I headed off the bridge over to the Leigh Woods.  Well!  As you can tell by my photos it was a dank dull day and let's just say my one week stay in this area was devoid of sunlight.  I started off and there was a decline in the path and it was very slippery.  I decided it wasn't prudent to carry on especially as I was on my own with no one in sight.  So I turned around and as I was leaving saw a couple who said they knew the area.  I asked if the adjoining road would get me back to the riverfront and they assured me they did.  Right!  After a short five minute walk I emerged onto a busy road with nowhere to walk.  So back over the bridge I went but I got to see the other side as well as the gift shop I had missed before. (and got myself a nice bookmark)   Silver linings! 

As well, I was able to stop and get a view and pictures from the "official" viewing platform which I would have missed on the other side. 





Then the "fun" began!!  I kept asking people and following google maps (although I sometimes get confused when they say "go west". I follow the sun, when it's not there I don't know where the heck I am!!)   Anyway, about 30 minutes later I found my way to the river.  One problem..I needed to get over to the other side!  



Here's a view across the river to the SS Great Britain.  This is Bristol's premier tourist attraction and Alan, my Airbnb host told me (more than once) I must go.  However, I skipped is this time as just didn't have the time and the crowds were something else.  Another Brunel design!  



Fifteen minutes later or so I came across a small ferry that would take you across the river for a pound.  So off I went and walked along the path on the other side. 





Looking across to the centre of Bristol.




This area was the docks.  Now no longer in use they are still using the sheds for different things like museums.  M Shed is a wonderful museum of Bristol history.  I visited briefly but would love to go back for a real look.  These cranes are used in the summer for demonstrations.  

Here is another Banksy!  The Grim Reaper was originally sketched on the Thekla Nighclub Ship and removed amongst great controversy from the hull complete with rivets, seawood and rust!  As Banksy's identity is not known officially it is believed he was born in a village near Bristol in 1974 and began his work here.  I missed out on seeing another one, "Girl with a Pierced Eardrum"  Next time! 

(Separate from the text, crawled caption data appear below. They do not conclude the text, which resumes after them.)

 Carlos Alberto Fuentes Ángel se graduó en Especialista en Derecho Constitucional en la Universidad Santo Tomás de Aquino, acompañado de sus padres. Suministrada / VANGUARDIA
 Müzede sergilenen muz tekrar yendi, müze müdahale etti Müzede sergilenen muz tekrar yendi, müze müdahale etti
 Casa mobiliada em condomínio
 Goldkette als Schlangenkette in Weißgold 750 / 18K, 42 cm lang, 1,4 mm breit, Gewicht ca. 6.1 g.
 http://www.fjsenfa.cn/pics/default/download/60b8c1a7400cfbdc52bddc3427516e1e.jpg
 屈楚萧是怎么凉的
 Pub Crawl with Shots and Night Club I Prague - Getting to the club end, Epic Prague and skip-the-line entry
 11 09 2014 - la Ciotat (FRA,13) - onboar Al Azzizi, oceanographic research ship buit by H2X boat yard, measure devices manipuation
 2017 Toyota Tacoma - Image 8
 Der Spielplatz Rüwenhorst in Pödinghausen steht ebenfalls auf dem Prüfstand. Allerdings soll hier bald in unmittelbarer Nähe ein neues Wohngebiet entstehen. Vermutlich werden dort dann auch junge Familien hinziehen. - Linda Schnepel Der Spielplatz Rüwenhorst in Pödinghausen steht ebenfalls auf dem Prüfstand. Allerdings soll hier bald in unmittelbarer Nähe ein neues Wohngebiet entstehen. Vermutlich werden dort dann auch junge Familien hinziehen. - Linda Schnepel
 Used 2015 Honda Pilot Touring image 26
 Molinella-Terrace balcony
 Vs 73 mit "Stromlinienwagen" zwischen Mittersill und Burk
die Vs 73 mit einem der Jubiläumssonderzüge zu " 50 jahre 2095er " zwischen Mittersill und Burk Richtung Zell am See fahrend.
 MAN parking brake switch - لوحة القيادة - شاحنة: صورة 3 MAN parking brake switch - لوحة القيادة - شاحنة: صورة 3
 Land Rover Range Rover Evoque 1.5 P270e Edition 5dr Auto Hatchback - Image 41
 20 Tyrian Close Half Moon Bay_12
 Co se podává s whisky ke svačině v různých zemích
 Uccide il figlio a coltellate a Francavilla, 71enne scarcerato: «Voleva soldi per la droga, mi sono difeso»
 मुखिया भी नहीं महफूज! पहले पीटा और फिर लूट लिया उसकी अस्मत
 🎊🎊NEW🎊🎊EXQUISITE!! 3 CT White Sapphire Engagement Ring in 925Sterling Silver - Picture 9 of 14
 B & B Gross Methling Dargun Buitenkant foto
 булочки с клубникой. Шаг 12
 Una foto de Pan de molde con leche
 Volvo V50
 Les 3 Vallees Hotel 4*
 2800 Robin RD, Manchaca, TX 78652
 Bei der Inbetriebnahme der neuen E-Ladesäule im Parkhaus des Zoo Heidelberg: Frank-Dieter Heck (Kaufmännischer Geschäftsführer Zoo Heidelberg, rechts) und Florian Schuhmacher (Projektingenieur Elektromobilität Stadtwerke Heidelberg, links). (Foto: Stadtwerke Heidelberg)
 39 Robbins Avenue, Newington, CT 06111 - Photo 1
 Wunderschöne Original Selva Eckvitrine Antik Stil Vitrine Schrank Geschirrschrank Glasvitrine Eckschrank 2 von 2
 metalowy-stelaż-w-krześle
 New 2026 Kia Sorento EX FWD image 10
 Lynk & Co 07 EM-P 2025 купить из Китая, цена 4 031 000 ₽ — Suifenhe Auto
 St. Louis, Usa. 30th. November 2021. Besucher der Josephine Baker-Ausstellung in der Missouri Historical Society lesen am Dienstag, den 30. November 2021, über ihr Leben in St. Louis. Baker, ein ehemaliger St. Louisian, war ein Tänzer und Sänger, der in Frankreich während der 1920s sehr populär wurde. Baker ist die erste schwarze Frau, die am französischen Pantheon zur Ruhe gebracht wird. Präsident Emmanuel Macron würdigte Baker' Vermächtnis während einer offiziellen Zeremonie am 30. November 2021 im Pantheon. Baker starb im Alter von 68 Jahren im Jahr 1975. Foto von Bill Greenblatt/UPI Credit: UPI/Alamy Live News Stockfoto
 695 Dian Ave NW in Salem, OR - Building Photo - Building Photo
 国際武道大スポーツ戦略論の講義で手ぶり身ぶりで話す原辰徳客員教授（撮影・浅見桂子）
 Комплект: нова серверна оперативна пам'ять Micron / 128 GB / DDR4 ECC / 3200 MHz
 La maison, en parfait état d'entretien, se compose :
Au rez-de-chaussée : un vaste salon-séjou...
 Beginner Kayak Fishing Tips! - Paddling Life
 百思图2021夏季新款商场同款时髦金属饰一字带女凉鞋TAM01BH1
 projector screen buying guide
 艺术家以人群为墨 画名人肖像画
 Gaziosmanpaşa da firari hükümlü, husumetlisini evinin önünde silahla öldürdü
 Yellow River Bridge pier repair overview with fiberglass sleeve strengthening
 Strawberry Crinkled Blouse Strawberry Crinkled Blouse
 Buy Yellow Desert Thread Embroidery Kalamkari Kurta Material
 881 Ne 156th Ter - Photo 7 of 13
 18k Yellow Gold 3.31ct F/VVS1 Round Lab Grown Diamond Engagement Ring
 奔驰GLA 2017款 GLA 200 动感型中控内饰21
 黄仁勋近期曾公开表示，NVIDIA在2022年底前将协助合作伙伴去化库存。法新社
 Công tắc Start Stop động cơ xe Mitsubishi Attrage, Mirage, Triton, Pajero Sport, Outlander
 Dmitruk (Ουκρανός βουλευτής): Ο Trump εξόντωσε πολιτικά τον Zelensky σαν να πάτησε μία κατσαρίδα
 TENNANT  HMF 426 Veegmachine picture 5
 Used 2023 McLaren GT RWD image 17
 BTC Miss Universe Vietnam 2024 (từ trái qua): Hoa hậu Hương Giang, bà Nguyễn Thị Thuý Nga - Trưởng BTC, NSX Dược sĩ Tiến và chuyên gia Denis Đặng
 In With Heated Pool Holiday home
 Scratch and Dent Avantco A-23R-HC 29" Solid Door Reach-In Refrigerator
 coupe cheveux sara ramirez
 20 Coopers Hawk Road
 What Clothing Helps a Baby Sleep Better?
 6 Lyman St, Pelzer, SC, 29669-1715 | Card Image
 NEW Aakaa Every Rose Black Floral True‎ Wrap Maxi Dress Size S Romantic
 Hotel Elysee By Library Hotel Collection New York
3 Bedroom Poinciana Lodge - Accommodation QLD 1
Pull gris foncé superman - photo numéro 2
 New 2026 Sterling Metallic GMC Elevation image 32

By this time I was getting really tired (or knackered as the Brits call it) so when I found the church open I gratefully collapsed on a pew.  This is St Mary Redcliffe (Redcliffe is the area it is in) church which was constructed between the 12th to the 15th centuries. Queen Elizabeth I described it as "the fairest, goodliest and most famous parish church in England". 

After a short rest I followed the directions over another bridge to my next destination - the rail station!  Yes!!  I did a 12 km walk!!   In fact, my detour made it even longer.  What an enjoyable walk.  

I felt a connection with Bristol and will definitely be back to visit the SS Great Britain, the M Shed and more.  

Hope you enjoyed my walk around Bristol!